Work instruction:
Every line containing the word "Black" must be pulled from the records.

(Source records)

- - - -

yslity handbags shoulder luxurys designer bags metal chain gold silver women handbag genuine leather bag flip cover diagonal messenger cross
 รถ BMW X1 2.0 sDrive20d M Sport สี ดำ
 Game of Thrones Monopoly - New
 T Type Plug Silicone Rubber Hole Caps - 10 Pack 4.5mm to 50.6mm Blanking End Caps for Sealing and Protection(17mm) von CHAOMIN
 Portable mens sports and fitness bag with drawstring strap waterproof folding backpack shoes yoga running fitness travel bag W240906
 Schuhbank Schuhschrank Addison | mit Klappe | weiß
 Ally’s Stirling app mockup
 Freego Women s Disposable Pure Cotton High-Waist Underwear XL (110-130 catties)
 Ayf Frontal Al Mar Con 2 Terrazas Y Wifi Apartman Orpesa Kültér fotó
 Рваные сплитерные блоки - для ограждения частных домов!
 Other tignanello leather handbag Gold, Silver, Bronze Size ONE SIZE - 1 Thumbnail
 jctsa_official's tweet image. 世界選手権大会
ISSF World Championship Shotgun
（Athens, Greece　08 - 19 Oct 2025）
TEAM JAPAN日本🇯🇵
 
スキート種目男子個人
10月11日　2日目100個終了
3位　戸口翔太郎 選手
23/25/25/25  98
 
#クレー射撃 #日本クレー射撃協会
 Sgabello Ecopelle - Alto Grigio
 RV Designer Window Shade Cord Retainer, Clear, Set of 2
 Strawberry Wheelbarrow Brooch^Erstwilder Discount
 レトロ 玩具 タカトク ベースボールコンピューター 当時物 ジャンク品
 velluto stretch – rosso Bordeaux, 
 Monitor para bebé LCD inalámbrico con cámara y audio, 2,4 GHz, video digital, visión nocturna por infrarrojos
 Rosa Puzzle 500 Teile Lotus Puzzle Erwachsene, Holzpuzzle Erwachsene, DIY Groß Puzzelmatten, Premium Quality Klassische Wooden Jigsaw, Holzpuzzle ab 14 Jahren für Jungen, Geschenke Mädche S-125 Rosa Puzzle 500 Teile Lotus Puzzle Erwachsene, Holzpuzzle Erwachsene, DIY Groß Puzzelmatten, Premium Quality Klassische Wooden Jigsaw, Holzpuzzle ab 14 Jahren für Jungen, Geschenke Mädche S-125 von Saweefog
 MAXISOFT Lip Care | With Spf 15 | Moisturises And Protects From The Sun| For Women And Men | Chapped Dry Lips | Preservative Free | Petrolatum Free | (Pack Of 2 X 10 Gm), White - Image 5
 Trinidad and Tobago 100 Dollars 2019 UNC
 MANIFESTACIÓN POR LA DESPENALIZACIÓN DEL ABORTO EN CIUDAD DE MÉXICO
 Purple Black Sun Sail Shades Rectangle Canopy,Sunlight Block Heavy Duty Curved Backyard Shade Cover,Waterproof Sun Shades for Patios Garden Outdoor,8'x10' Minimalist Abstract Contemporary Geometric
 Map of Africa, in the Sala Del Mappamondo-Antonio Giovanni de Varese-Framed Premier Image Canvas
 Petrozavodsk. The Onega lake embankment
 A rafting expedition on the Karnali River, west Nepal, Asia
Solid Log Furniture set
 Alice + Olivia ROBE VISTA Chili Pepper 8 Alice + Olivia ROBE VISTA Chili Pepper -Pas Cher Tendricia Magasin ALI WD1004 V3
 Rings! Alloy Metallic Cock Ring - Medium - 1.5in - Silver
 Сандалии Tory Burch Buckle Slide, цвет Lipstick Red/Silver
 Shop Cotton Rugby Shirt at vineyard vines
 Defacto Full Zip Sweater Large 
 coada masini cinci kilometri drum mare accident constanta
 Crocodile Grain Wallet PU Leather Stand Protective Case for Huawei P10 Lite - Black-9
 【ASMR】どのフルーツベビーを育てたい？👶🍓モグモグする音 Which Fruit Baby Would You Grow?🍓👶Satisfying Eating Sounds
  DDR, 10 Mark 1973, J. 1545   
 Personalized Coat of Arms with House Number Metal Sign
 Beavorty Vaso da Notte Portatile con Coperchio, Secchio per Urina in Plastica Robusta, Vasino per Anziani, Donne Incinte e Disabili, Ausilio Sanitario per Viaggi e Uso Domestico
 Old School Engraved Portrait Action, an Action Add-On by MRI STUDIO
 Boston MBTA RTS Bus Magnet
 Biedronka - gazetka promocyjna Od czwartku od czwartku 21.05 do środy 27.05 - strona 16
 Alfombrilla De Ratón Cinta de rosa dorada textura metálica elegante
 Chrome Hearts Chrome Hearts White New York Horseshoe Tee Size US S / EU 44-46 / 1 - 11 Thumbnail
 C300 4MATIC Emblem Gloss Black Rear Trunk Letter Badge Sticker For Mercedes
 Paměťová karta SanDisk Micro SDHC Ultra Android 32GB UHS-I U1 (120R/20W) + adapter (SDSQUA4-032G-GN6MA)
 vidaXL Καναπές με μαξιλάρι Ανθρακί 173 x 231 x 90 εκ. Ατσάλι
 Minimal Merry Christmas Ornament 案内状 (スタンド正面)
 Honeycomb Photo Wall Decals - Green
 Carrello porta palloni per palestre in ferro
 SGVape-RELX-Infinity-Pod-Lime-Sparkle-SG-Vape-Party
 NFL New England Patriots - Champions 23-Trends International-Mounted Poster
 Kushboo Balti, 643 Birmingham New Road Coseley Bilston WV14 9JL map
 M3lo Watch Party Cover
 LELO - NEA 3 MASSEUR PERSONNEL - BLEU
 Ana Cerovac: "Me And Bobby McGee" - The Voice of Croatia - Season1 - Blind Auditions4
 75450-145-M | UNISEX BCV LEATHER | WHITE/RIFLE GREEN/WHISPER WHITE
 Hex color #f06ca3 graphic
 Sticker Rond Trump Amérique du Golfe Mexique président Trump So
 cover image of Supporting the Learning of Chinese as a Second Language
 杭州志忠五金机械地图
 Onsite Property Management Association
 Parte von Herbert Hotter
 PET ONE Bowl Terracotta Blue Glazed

- - - -

Answer section:
 Purple Black Sun Sail Shades Rectangle Canopy,Sunlight Block Heavy Duty Curved Backyard Shade Cover,Waterproof Sun Shades for Patios Garden Outdoor,8'x10' Minimalist Abstract Contemporary Geometric
 Crocodile Grain Wallet PU Leather Stand Protective Case for Huawei P10 Lite - Black-9
 C300 4MATIC Emblem Gloss Black Rear Trunk Letter Badge Sticker For Mercedes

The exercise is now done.